Some of the most powerful and sacred places in the world are memorials. These are the places of some of the most powerful artistic genius and creativity. They are also some places that have the most powerful impact on us.

Why?

There is something reorienting, sobering, settling about a memorial.

Something that resets perspective.

Something that makes us pause, stop, consider, take in.

This is exactly what is called for when we consider the most important ritual and memorial act of the christian faith, the Lord's Supper.

The Lord's Supper has been central to the life of the church from the very very earliest days.

And it has been a very powerful and significant part of the faith ever since.

It's also one of things that is most often misunderstood, and causes no small deal of controversy and argumentation.

A similar thing was happening in Corinth around the Lord's Supper, and it is something that has Paul VERY emotionally worked up, something that he passionately seeks to correct.


1. The Corinthian church missed the point of the Lord’s Supper

Paul is really upset - "I do not praise you....you gather for the worse!"

the reason he is so upset?
- divisions when they gather

"in some sense divisions are inevitable - to expose the false and the correct people in the church..."

Paul tells us in the last days all kinds of people will work their way into the church who are not really walking with God.

It is therefore inevitable that there will at times be divisions and struggles in the church - because there will be a clash between those who are truly following Christ and those who come to church for false reasons.

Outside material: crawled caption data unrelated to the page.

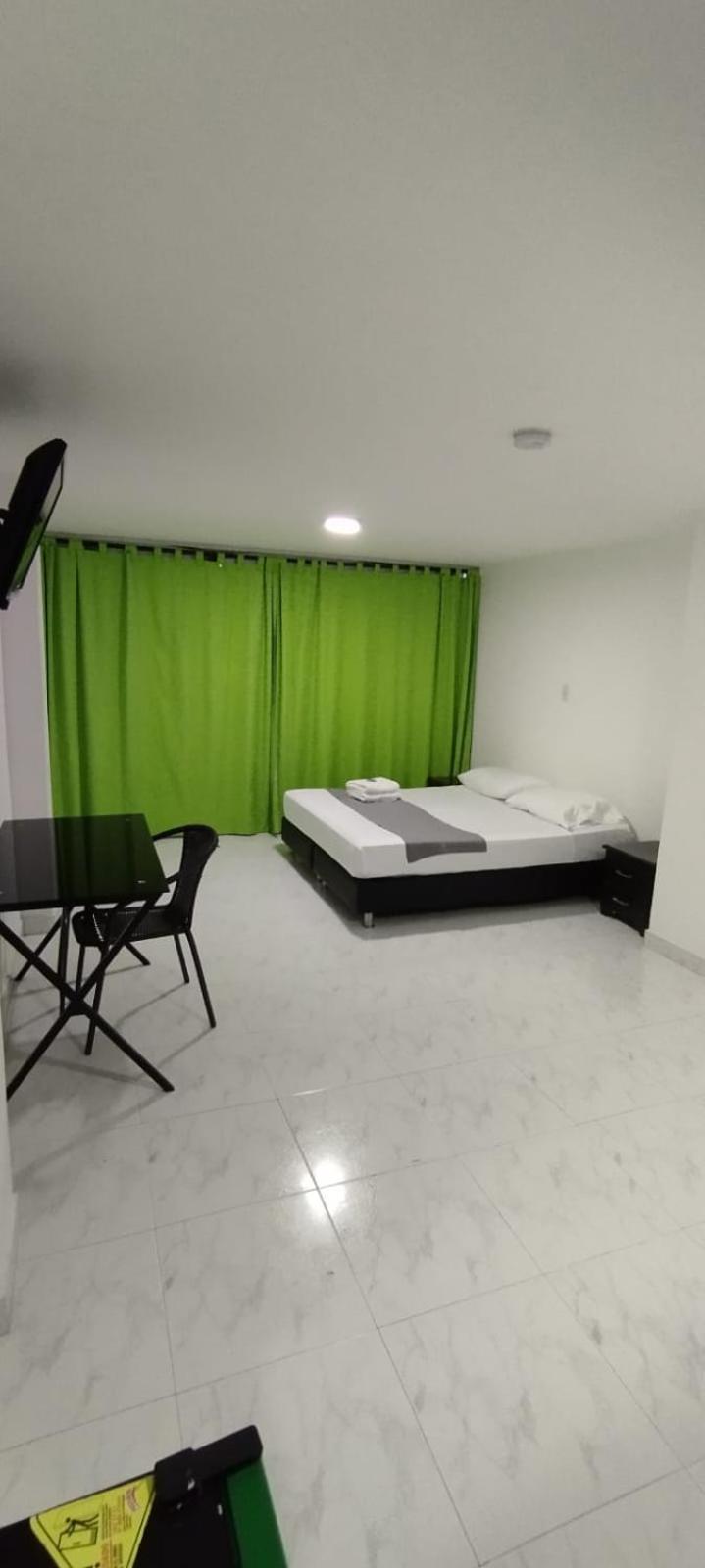 Hotel Paradise Lleras Медельїн Екстер'єр фото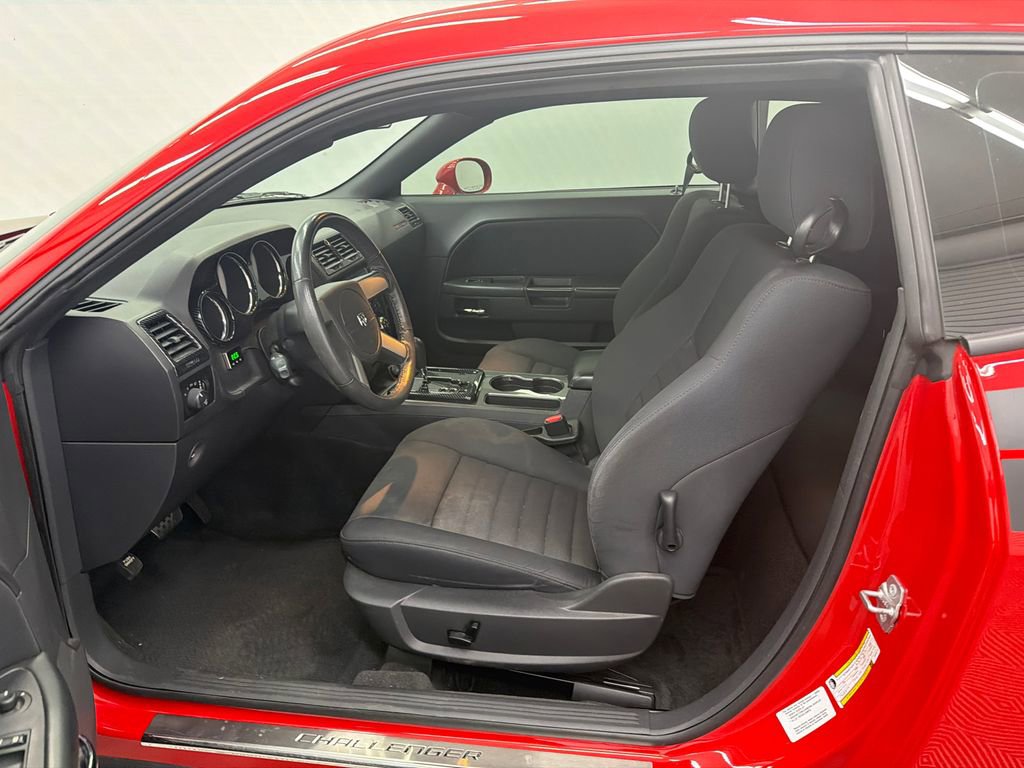 Used 2010 Dodge Challenger R/T image 9
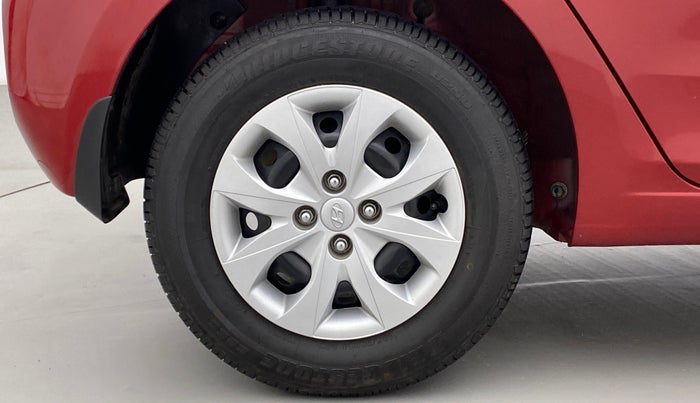 2019 Hyundai Elite i20 MAGNA PLUS 1.2, Petrol, Manual, 6,815 km, Right Rear Wheel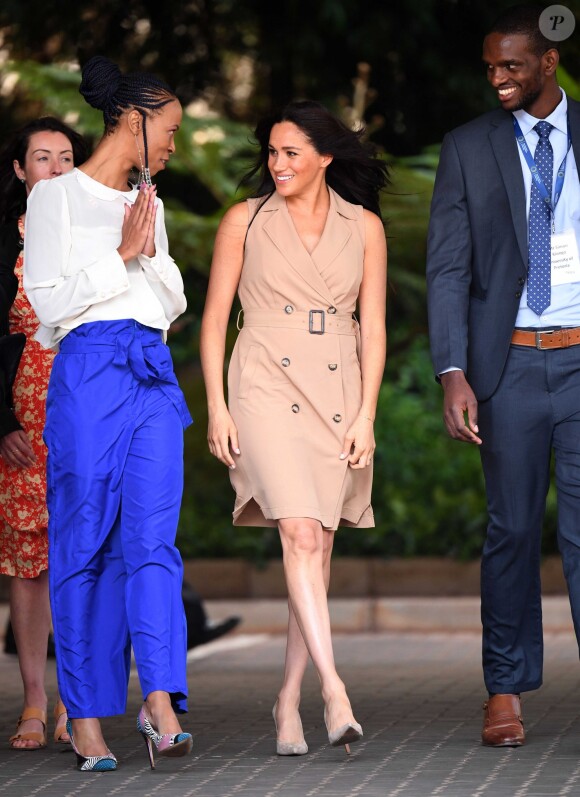 Meghan Markle, duchesse de Sussex, à l'Université de Johannesburg où elle participe à une table ronde avec l'Association des universités du Commonwealth, dont elle est la marraine à Johannesburg, Afrique du Sud, le 1er octobre 2019. La duchesse de Sussex porte une robe sans manches de la marque "Banana Republic".  The Duchess of Sussex visits the University of Johannesburg where she will attend a round table discussion with the Association of Commonwealth Universities of which she is patron, on October 1st, 2019.01/10/2019 - Johannesburg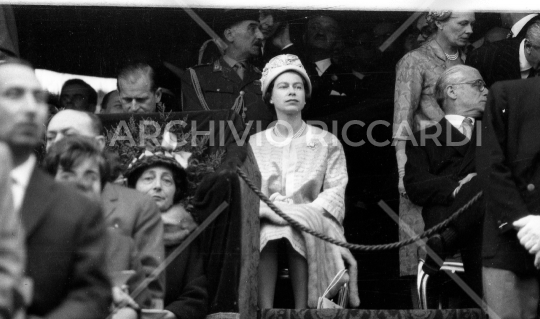 Regina Elisabetta d Inghilterra a Roma - 1961-313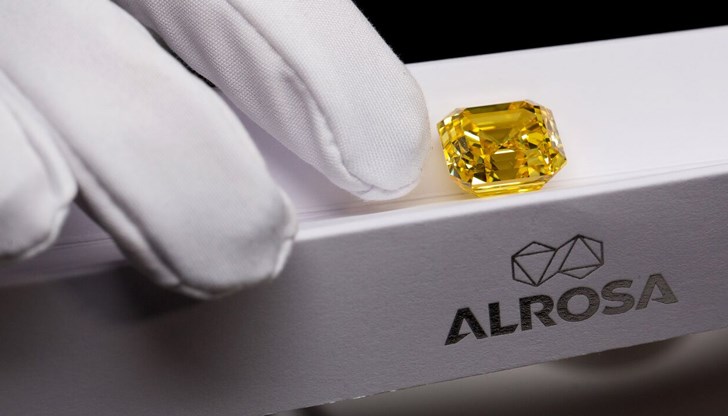 Засега диамантената компания "Алроса" няма коментар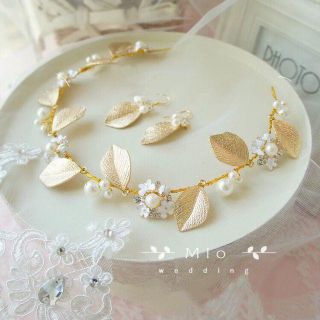 ❁ヘッドドレス&ピアス 二点セット❁ゴールドリーフ＆フラワー❁MKA(ウェディングドレス)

In this case the whole problem is regarding how the corinthians approach their gatherings as a church.

Background:

A lot of the early church gatherings happened in the homes of people in the church. Obviously these gatherings happened in homes of the rich members of the church since they had bigger homes.

As part of their gatherings they would have a whole meal together. They would eat together for a long time and then they would do church and communion.

This set up favored the rich people in a few ways.
- the inner dining area of the homes was usually not big enough to accommodate everyone in the church
- wealthy people were connected to each other, and according to the customs of the greco roman world - enjoyed a deeper social privilege
- the wealthy people would have more free time and resources - it seems that they would arrive earlier than the poorer people in the church and have a whole feast.
- then later on, the poorer folks would join after work, and they were left with a small amount of food, and space to gather outside - literally creating two different congregations.
- The rich are feasting and sipping on wine while the poor are hungry and have nothing.

This lead  to division in the church and a practice of communion and worship that was separated to two different groups - the rich and the poor.

Paul is pretty upset.

"22 Don’t you have homes in which to eat and drink? Or do you despise the church of God and humiliate those who have nothing? What should I say to you? Should I praise you? I do not praise you in this matter!"

In order to correct them - he brings them the tradition of the Lord's Supper. He is saying, "You are acting this way because you don't understand what it means to gather as God's people, because you don't understand the Lord's Supper."

If you just take a few minutes to reflect on WHAT the Lord's Supper is, it will change how you view other christians, how you view the gathering of the church, and our life together.

2. Realigning our experience of the Lord’s Supper

What is it that we are doing when we part take in the Lord's Supper?

- We receive

The very heart of the Lord's table is the words of Jesus regarding the bread and the wine.

It's important to not that when Jesus instituted the Lord's Supper on the last night he was with his disciples - if you remember, he was celebrating with them the passover feast.

The passover was a memorial celebration of how God had spared the people of Israel when he judged the Egyptians and how God delivered them from Egypt.

This moment when Jesus takes the bread and the wine and tells them to do this in remembrance of HIM - he transformed the celebration.

It was like - the salvation of God in Egypt was a picture of what God would do when Jesus came - but not the REAL thing is here.

There are two aspects here:

The bread - no longer is the passover lamb the thing that God's people celebrate - now there is a new passover lamb, Jesus himself.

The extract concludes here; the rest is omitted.